きっとその仕事は下請けの会社に流れるだけです。
そうすると、大手企業ではたとえ問題解決したように見えても、下請けで同じ問題が起きることになります。(たぶん、もうすでにたくさん実際には起きてるけども、それは見えてないだけで、さらに状況は悪化することになる。
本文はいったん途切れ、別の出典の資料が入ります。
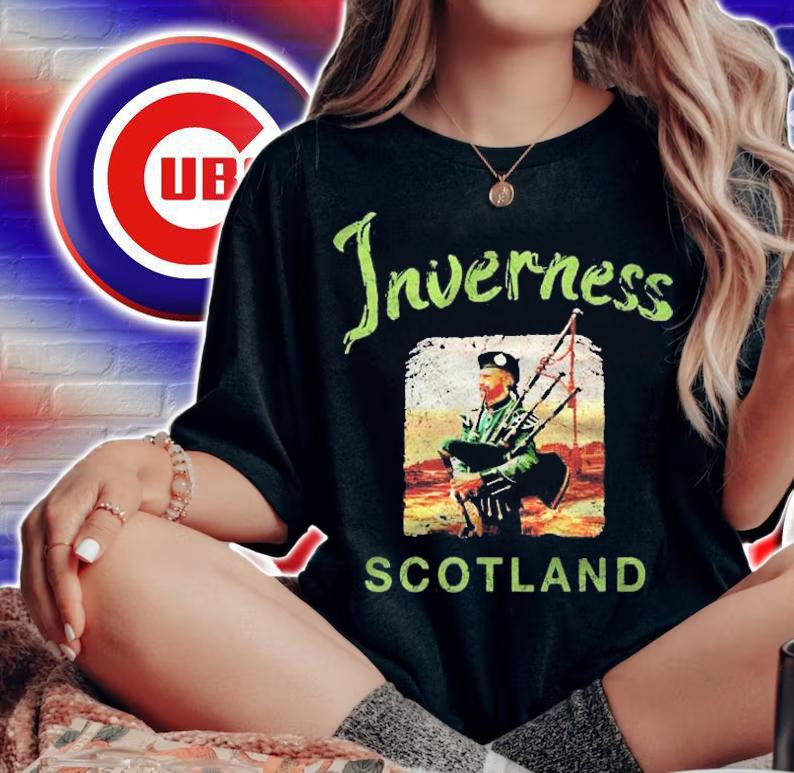 Scotland Inverness Bagpipes Scottish Gaelic Vintage Shirt woman shirt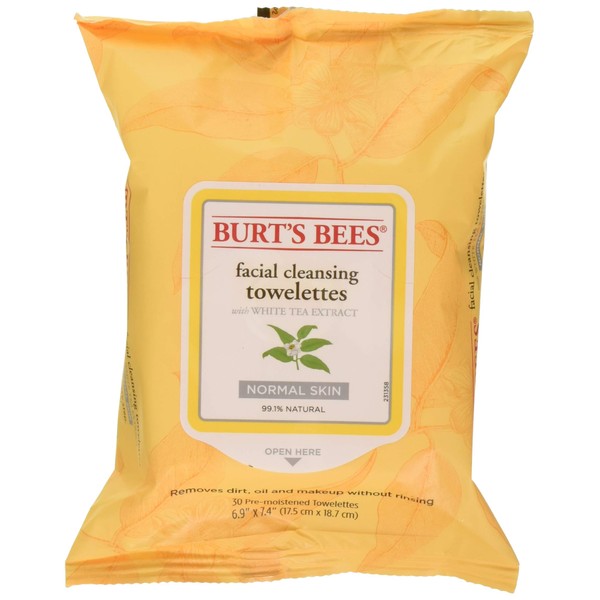 Burt's Bees Natural Skin Essentials Facial Cleansing Towelettes,30 Count (Pack of 3)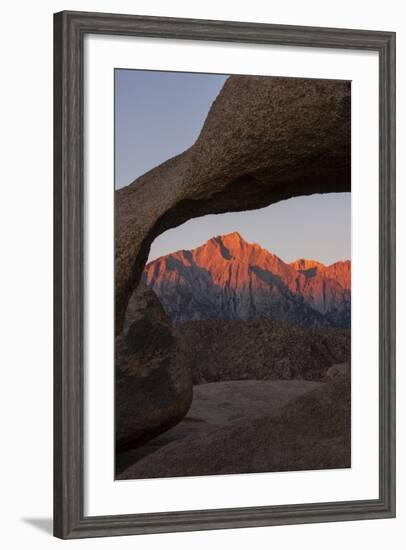 Mountains Seen Through Mobius Arch, Alabama Hills, California, USA-Jaynes Gallery-Framed Photographic Print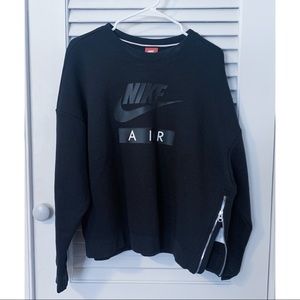 Nike Air Black Sweatshirt w/ Side Zipper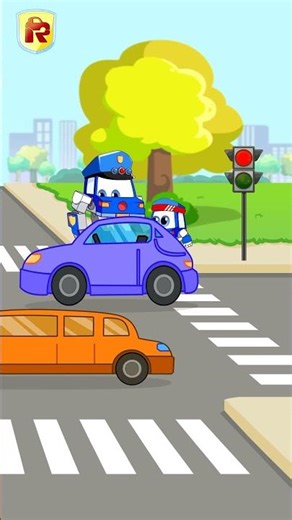 Wheels On The Road 🚗 I Stop and I Wait 🛑 Learn Safety Rules | Nursery Rhymes | RoboShorts #shorts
)
今回ニュースになったことでその場しのぎの対応をしていては、結局何も解決していませんでしたということになる可能性があるんですよね。
こういう報道って意外に多いんです。
現代の私たちに求められていること
ニュースを見た時に、報じられていることを鵜呑みにするのではなく、それって本当に因果関係はあるのかな?相関があることと勘違いしてないかな?という判断が一人ひとりがしっかりできるようになることが求められている時代だと思います。
情報はあふれるほどある。
それをどう取捨選択し、どう使うかは個人に求められている時代なのです。